Манос наконец овладел собой, взял в правую руку очки, не надевая, поднес их к глазам и стал рассматривать какую-то бумажку.
— В списке четверо граждан: я, председатель Макар Иванович и вот эти два старца…
Он показал на старейших охотников, Лавера и Онисима.
Несколько смущенные торжественностью обстановки, старики сидели на канаве и нюхали табак из одной табакерки.
— Короче сказать, я себя снимаю, — заключил Манос свою речь.
— А мне в лес ходить будет совсем некогда, — сказал Макар Иванович. — Остаются Лавер и Онисим. Которого из них выберем?
Стало тихо. Собранию было трудно решить, которому из стариков надо оказать честь.
В это время Манос, снова просматривавший свою бумажку, вспомнил, что не сказал такого, без чего доклад не мог считаться законченным, быстро поднялся и проговорил:
— Ну, какие у вас будут ко мне вопросы?
— Все ясно, — улыбнулся Макар Иванович. — Давайте голосовать.
Лавер и Онисим, как бы ничего не замечая, осматривали небо.

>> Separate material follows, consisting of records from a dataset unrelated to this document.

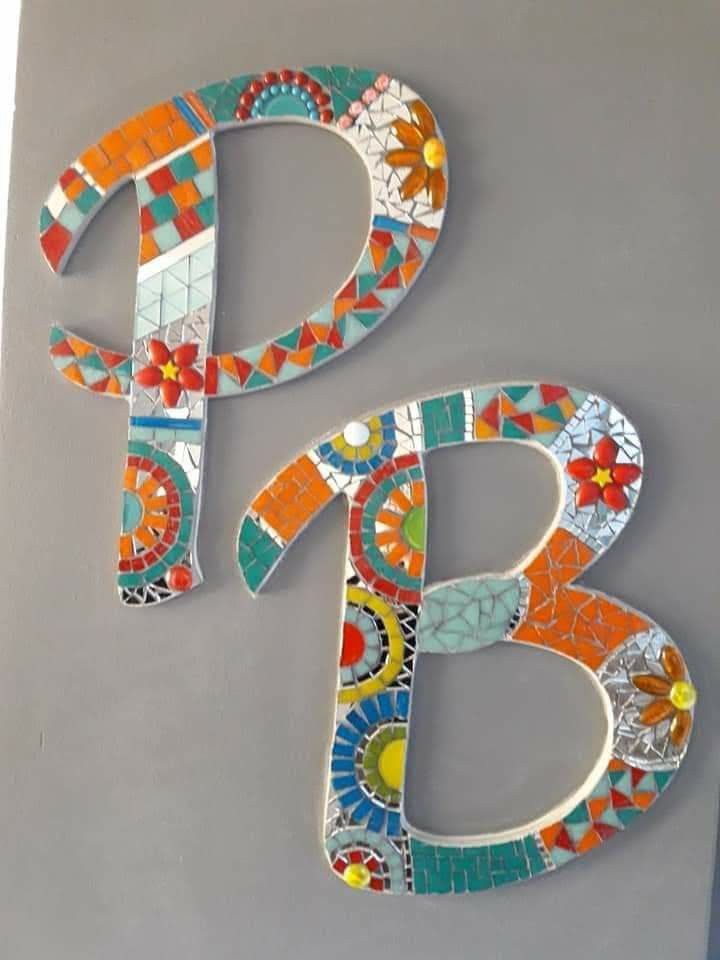 the letters b and c are made out of mosaic tiles, with flowers on them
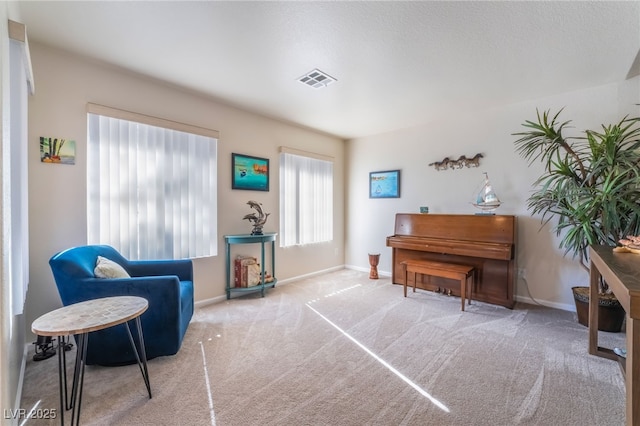 living area with light carpet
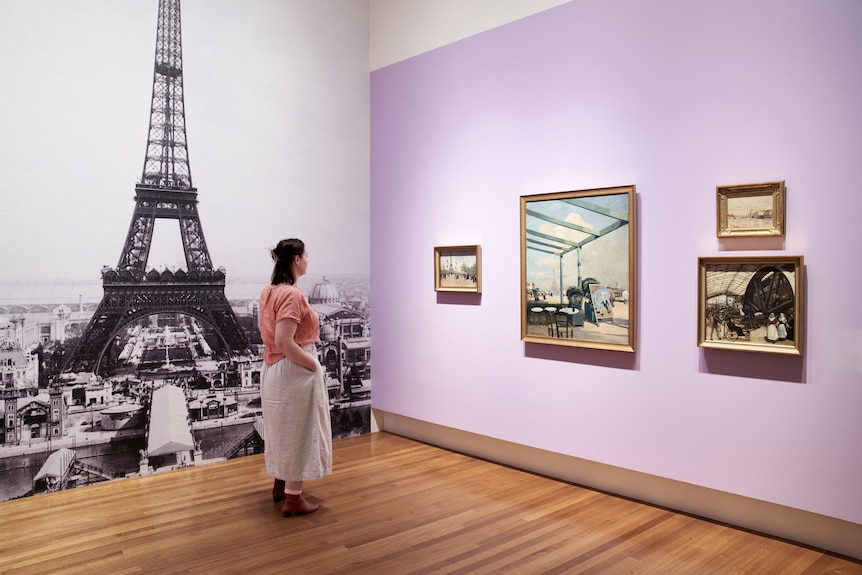 A woman standing in a gallery looking at four paintings on a wall with a large image of the Eiffel Tower behind her.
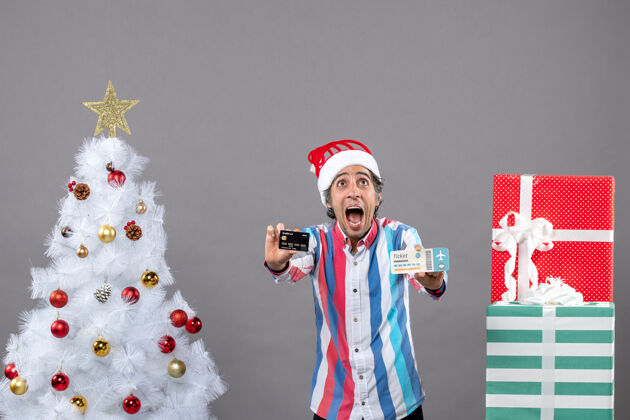 无辜前景：一个拿着卡片和旅行票的男人高高兴兴地看着圣诞树和礼物卡片帽子男性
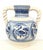 About A striking Spanish glazed earthenware two-handled blue and white painted urn with foliate molded handles, the body...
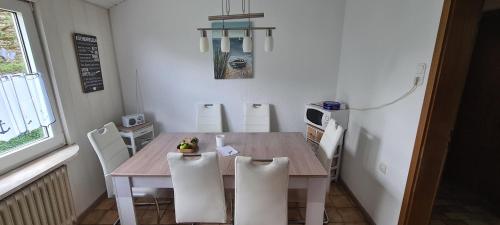 a kitchen with a wooden table and white chairs at Lichtblick in Wangerland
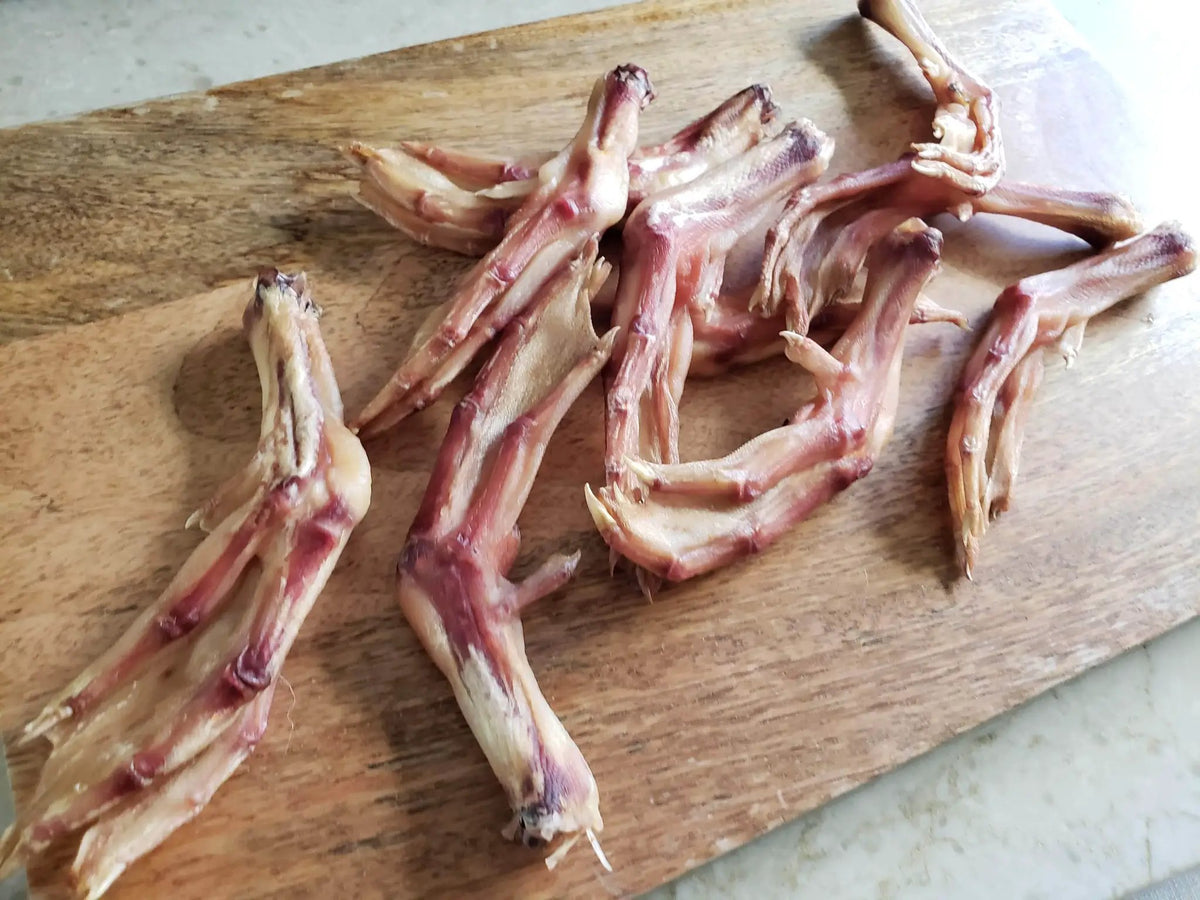 Duck Feet (ABF) by Naked Beasts, raw duck feet on a wooden cutting board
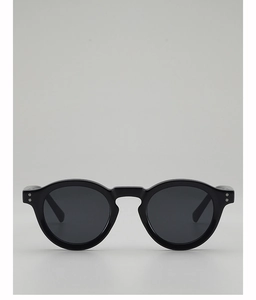 Close-up of retro black round frame sunglasses with silver stud accents and dark lenses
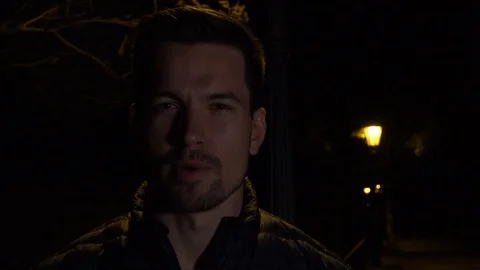 A young handsome man talks to the camera in an urban area at night - closeup - 스톡 동영상 109556439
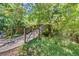 Charming wooden bridge on the property offers picturesque views of nature at 229 Springside Rd, Longwood, FL 32779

Лето наступило жестокое. Начинались лесные пожары. К ночи вместе с туманами опускался на деревню густой синий дым, росы пахли гарью. Иногда луна стояла в вышине зловеще красная, подобно затухающему солнцу, а солнце вставало незнакомо лохматое, и в тусклом свете расплывались очертания полей и деревни. Тускнели белые северные ночи. В лесах, не созрев, высыхала дымчато-синяя черника.

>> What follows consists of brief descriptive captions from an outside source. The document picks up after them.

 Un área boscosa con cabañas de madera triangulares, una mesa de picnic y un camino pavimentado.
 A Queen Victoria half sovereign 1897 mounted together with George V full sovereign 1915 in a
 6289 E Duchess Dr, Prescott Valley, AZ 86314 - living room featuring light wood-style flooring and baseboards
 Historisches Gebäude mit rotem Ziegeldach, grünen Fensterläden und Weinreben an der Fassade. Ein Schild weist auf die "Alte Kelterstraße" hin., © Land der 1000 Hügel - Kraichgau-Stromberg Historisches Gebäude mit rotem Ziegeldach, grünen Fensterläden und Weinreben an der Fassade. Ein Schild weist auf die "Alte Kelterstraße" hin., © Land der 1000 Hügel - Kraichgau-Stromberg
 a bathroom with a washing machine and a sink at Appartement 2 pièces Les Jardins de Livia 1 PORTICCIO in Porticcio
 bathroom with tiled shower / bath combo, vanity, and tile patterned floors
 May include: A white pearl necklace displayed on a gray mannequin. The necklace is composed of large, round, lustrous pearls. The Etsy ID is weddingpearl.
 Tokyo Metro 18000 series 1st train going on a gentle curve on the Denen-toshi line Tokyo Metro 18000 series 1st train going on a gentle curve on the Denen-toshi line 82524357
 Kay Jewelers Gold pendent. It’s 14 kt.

— К Данислову ходят лоси, — не глядя на ровесника, сказал Онисим.
— Да, воды нигде нет…
Собрание зашумело. Макар Иванович покрикивал, стараясь навести порядок.
Сквозь шум Онисим услышал осторожный голос Маноса:
— Этот вопрос очень трогательный. Если бы я хотел, да меня не выбрали, так я бы сна лишился, а то заболел… Как же, обществом обракован!..
Онисим настороженно повернул голову. Манос умолк, не досказав. Шурин Маноса Гришка, стоявший рядом с ним, сразу отошел от стола. Онисим посмотрел на ровесника. Губы Лавера были плотно сжаты, подстриженные седеющие усы торчали сердито. Лавер больше не тянулся к раскрытой табакерке соседа. Онисим с возрастающим беспокойством стал ждать конца собрания и ни на кого не смотрел.
— Значит, Онисим! — крикнул Макар Иванович. — Ну вот и с этим закончили.
Собрание расходилось. Старики тоже поднялись и медленно зашагали по дороге.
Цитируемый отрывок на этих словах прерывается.